This document contains a data-science oriented description of the project. It orients the data science project towards data and technology. It serves the purposes of
- outlining a solution,
- defining the scope of the project,
- defining measurable success metrics,
- defining interfaces to the production environment,
- gathering information regarding relevant datasets and features to the problem,
- upstream communication and agreement on requisites.
Mark which tasks have been performed.
- Summary: all major specs are defined including success criteria, scope, etc.
- Output specification: the output format, metadata and indexation have been defined and agreed upon.
- Solution architecture: a viable and minimal architecture for the final solution has been provided and agreed upon.
- Limitations and risks: a list with the main limitations and risks associated to the project has been provided.
- Related resources: lists with related datasets, features and past projects have been given.
- Peer-review: you discussed and brainstormed with colleagues the outlined specifications.
- Acceptance: these specifications have been accepted by the Data and Product directors.
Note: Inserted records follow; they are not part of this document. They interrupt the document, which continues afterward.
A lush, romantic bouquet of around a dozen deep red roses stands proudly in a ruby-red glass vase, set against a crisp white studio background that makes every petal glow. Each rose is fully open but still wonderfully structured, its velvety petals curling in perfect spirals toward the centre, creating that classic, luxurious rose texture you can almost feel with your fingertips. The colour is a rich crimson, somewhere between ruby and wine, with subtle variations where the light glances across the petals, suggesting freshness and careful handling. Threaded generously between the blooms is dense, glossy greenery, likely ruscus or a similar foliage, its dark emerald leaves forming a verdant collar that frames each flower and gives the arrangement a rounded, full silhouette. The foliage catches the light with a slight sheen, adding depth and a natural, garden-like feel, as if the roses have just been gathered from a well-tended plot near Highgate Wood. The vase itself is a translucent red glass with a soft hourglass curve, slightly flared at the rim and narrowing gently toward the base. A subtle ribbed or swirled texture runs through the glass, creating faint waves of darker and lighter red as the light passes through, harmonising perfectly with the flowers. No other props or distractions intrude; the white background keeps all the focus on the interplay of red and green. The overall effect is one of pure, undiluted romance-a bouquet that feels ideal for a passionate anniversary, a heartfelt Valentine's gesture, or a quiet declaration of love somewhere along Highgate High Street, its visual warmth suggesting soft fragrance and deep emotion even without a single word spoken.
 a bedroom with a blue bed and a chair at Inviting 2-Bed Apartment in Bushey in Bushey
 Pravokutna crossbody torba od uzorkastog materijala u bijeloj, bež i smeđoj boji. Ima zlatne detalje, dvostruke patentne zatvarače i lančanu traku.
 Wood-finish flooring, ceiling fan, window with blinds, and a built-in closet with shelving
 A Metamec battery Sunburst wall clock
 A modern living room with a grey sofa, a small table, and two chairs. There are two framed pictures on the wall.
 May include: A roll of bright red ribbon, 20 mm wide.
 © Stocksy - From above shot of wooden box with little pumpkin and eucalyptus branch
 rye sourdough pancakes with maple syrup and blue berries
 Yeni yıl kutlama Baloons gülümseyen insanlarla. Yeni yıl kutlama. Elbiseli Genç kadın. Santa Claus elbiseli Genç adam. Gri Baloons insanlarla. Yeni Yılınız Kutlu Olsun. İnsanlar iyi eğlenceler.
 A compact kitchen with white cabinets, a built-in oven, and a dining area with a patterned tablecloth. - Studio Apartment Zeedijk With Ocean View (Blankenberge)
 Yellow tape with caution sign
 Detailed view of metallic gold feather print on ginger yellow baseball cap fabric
State names and date.
The table below summarizes the key requirements for the project.
| problem type | target population | entity | N_target | min_coverage | N_labeled | sucess_metrics | updt_freq |
|---|---|---|---|---|---|---|---|
| content based filter for recommendations | business | CNPJ | - | 80% | NA | average precision | as new companies come in dataset |
This project aims at developing a model to recommend leads for a company based on its previous clients.
| Entity | Region | Type | Size | Status | Sector | N_target |
|---|---|---|---|---|---|---|
| CNPJ | Brasil | companies | any | active | - | - |
Variables present in config.SPECIAL_LABELS are used to filter market to make recomendations. Model removes from recomendations possibilities all rows that do not share its special labels with at least one row of user's portfolio for each label.
Initially used special labels:
| Label | Based on |
|---|---|
setor |
Tests & business knowledge (little) |
de_faixa_faturamento_estimado_grupo |
Tests |
predict function offer option to do not use special labels on recomendation.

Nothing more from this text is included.